De estas dos trascendidos se desprenden distintos análisis (sepa lector disculpar, como buen obsesivo soy fanático de la enumeración). El primero es la figura de Cristina como fantasma sobre el establishment, una idea que actúa como contrapeso de poder y correlación de fuerza. Esto quiere decir que su sola presencia en la política nacional, y puntualmente en el lugar que ocupa dentro del ejecutivo, pueden frenar la idea de socavar la presidencia de Alberto. La legitimidad política y la suceción de mando le corresponde a ella, por tanto, mejor negociar.
El segundo, es la idea de Cristina como chivo expiatorio, para exculpar a Alberto de los errores tácticos.

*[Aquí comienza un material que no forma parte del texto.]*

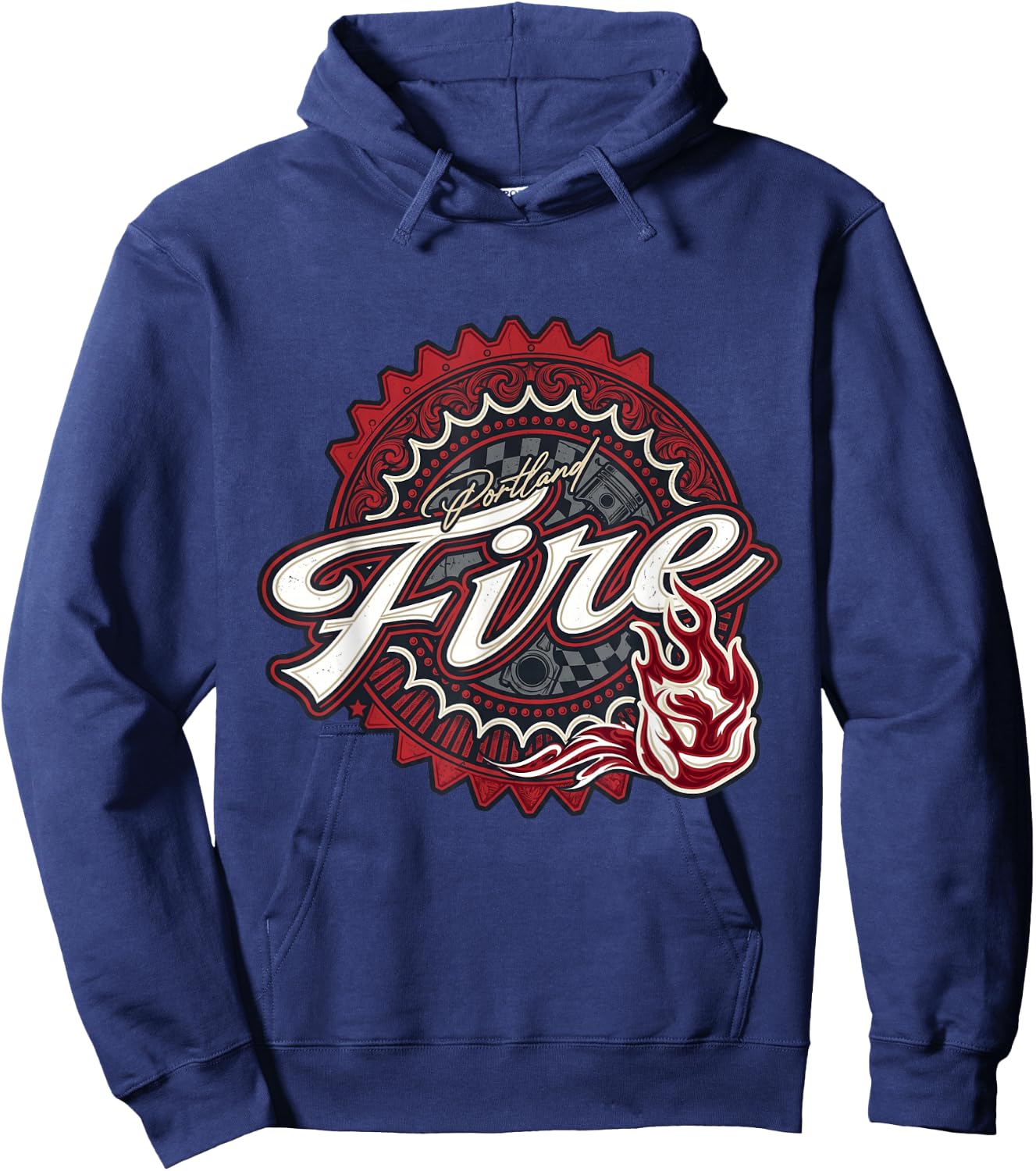 Portland Fire Racing Retro Graphic Hoodie - Hoodie | Navy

Antes de continuar me permito una digresión en este punto que espero extender en artículos posteriores. Gran parte del establishment y de la derecha en Argentina sufren, a mí entender, una “angustia democrática”. Por definición, la democracia refiere a una angustia en tanto uno debe admitir la existencia del Otro y la posibilidad de que ese otro compita y venza. Pero en una elite económica que conoció las mieles de la omnipotencia durante el gobierno anterior, la derrota primero, y la subsumición al Estado y la ley después, generan una angustia que hace que, a mi criterio, no puedan pensar ni estratégica ni tácticamente.
El pacto social
Hasta aquí una lectura de coyuntura con los problemas y ventajas que despierta tanto en la oposición como en el oficialismo la figura de la expresidenta. De esta lectura se infiere que sigue ostentando la centralidad de la política argentina pese a que desee correrse de ese lugar. En su persona, se encuadra la identidad política positiva de sus adeptos y la negativa de sus detractores. En este sentido y con la intensidad política que vive la Argentina desde hace ya varios años, trazar una estrategia para un eventual nuevo gobierno bajo su comando hubiese significado una tarea por demás compleja. Quien tenía un mayor apoyo popular era despreciada por la elite, y, a la vez, a quien apoyaron las elites fue rechazado en las urnas. Un nuevo empate hegemónico, citando a Juan Carlos Portantiero.
Así llegamos al meollo de la cuestión. Alberto propuso en su campaña un pacto social pero, en definitiva, él es el pacto social. Un pacto social extendido por la vicepresidenta hacia las elites para poder gobernar un país muy politizado, como diría Mirta Legrand. Es eso lo que advierte de Mendiguren a sus socios de la UIA, no “esmerilar” a Alberto, porque, sino volveremos al 2012/13.
Esa misma lectura hace un sector de la oposición que presupone ventajoso esos niveles de antagonismo para volver a ganar como en el 2015 uniendo las demandas contra el kirchernismo. Esta lectura, que a mi entender es lícita, trae consigo dos riesgos importantes. El primero es la aritmética electoral: rearmar un cincuenta y un porciento de los votos luego del reciente fracaso de gobierno es una gesta, por lo pronto, difícil. La segunda cuestión es que la radicalización hacia la derecha puede llevarse puesto incluso a quienes pretenden comandarla, Michel Temer saluda desde Brasil.